■ **WORK ORDER**:
Copy nothing before the line that contains "3' X 5' Taupe"; from there, transcribe each line exactly through the end of the material, omitting pictures.

■ **SUPPLIED DATA**:
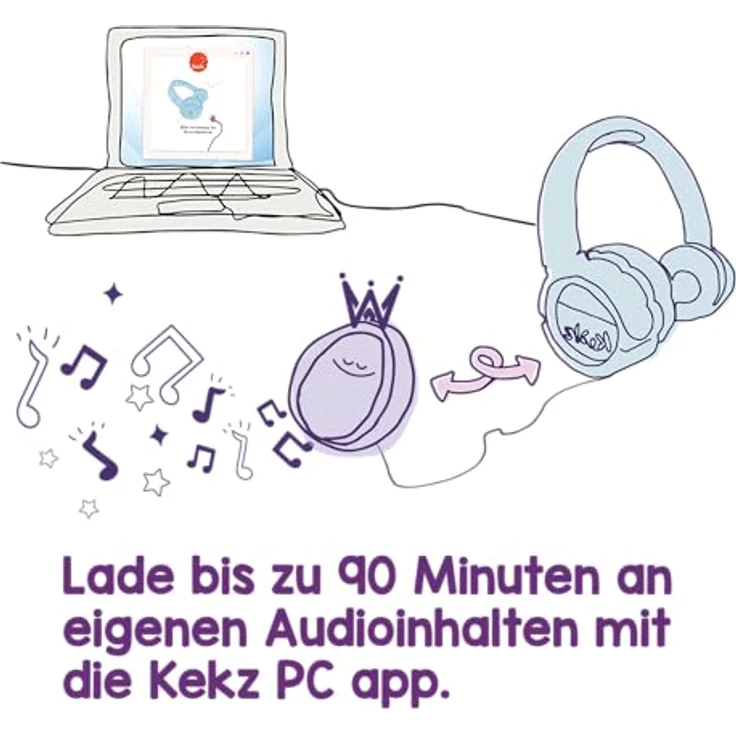 Kekz Kekzhörer inkl. Wunderkekz + Cookie Crew Kopfhörer, On-Ear mit Lautstärkebegrenzung 85dB und Click & Play System für Kinder – Bild 2
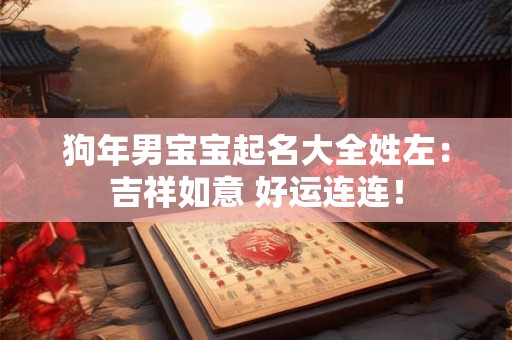 狗年男宝宝起名大全姓左：吉祥如意 好运连连！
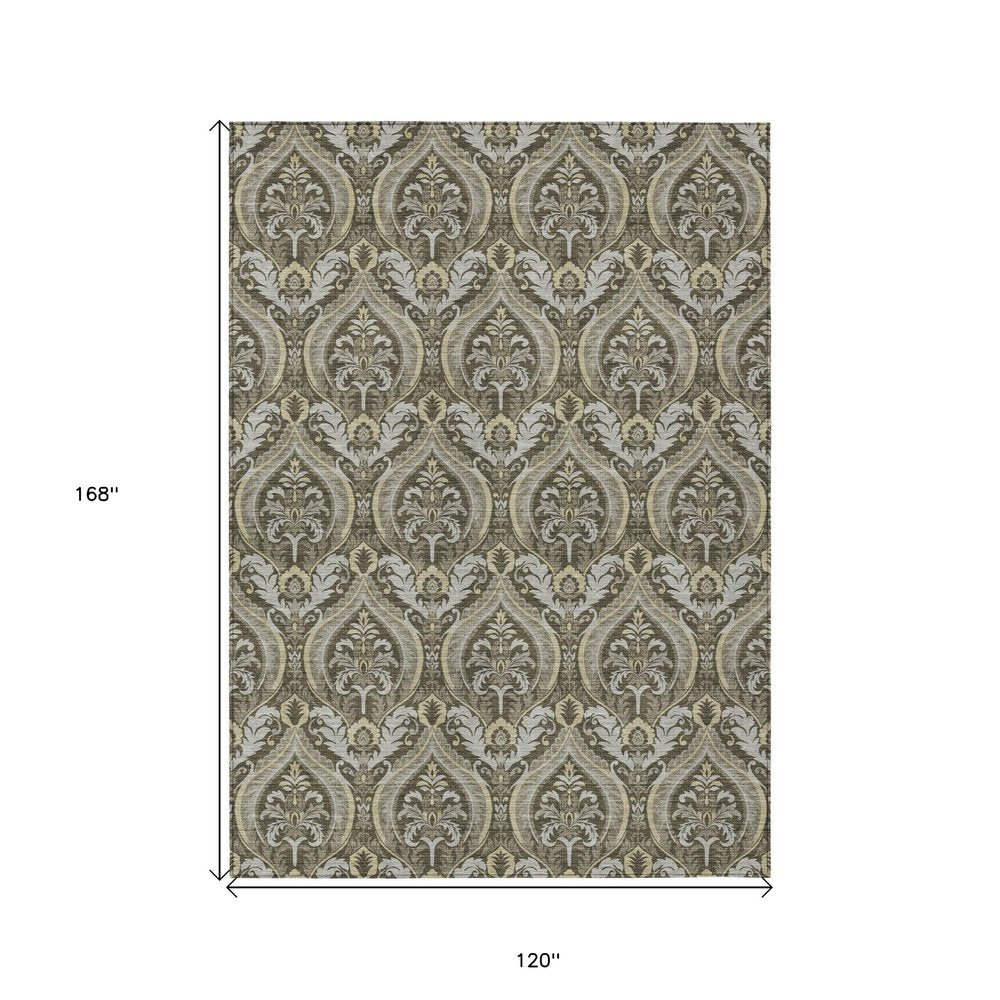 3' X 5' Taupe and Beige Damask Washable Non Skid Indoor Outdoor Area Rug HomeRoots
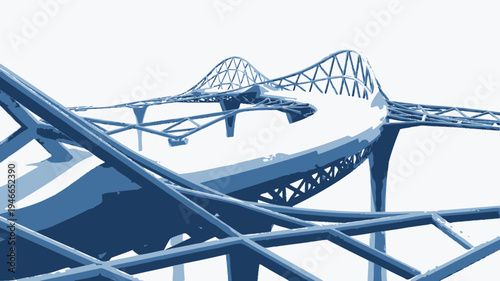 Architectural Rendering of a Modern Bridge Design vector illustration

■ **YOUR SOLUTION**:
 3' X 5' Taupe and Beige Damask Washable Non Skid Indoor Outdoor Area Rug HomeRoots
 Architectural Rendering of a Modern Bridge Design vector illustration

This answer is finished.